The selected Scripture soothed my senses: “The angel of the Lord encampeth round about them that fear him, and delivereth them.” The prayer on the reverse side seemed handwritten for my day: “Dear God, give me courage to face the problems that confront me today; thank you for your sustaining strength.”
At roughly 9 o’clock, the telephone rang. It was my older sister in Houston. “The Pentagon has been attacked,” she said. “Turn on the news.”
In disbelief, I ran upstairs, turned on the television and stared in horror at the images before me.

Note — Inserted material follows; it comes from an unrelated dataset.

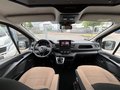 Daumennagel 14 - Renault Trafic 2.0 dCi L1H1 3,0t Blue Campervan Kompanja Eins Aufstelldach Küche CAM NAVI LED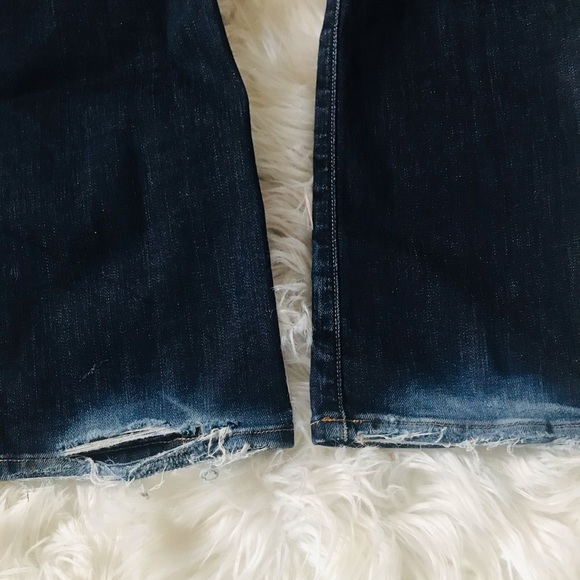 LUCKY BRAND WHITE OAK 👖 - Picture 8 of 14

Plumes of black smoke cascaded from the World Trade Center toward a cloudless New York sky. In Washington, the very symbol of our nation’s strength lay in rubble, burning. Three commercial airliners had become weapons of war for wicked men intent on destruction.
Suddenly, my personal problems vanished and my somberness was for another cause.

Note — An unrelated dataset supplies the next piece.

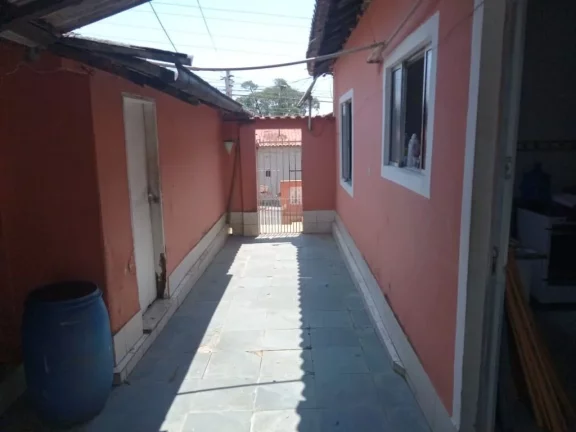 Imagem Casa com 4 dormitórios à venda, 200 m² por R$ 795.000,00 - Jardim Ruth - Poá/SP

As I listened to the wail of sirens and the rumble of collapsing buildings, I prayed for my country. I prayed that America would let God transform her during this time of intense grief into a nation who, once again, reverences faith—not just in bad times, but in the good times, too.
By noon, I had heard the word “pray” numerous times. I had heard bystanders praying for family and friends. I had seen crude, handwritten signs saying, “Pray for America,” and “God bless the USA.”
However, the many references to prayer and God didn’t make me feel any better; they made me feel worse.
Yes, I had prayed for America to renew her respect for God, but I hadn’t prayed for this. This was too tangible, too painful and too severe.
What I had in mind was more of a quiet stirring within our hearts, a gentle tap on our collective shoulders, saying, “Wake up, America. Don’t sleep the sleep of death.”
I didn’t want destruction to be the motivator for change. And I knew that the God I serve didn’t want destruction to be the motivator either. He is a God of love, not hate.
He doesn’t ram airplanes through buildings, setting off fiery explosions that abruptly end thousands of innocent lives. He seeks to love, not punish.
And then it hit me: What better time for God to love than now? What better place for him to reach for apathetic souls than standing amidst evil-inspired rubble and ruin?
If anyone could turn heartache into hope, he could. If anyone could turn tears into triumph, he could. If anyone could turn tragedy into a glorious transformation, the God of our fathers could.
While journalist conversed about the tragedy of it all, I covered my face and prayed.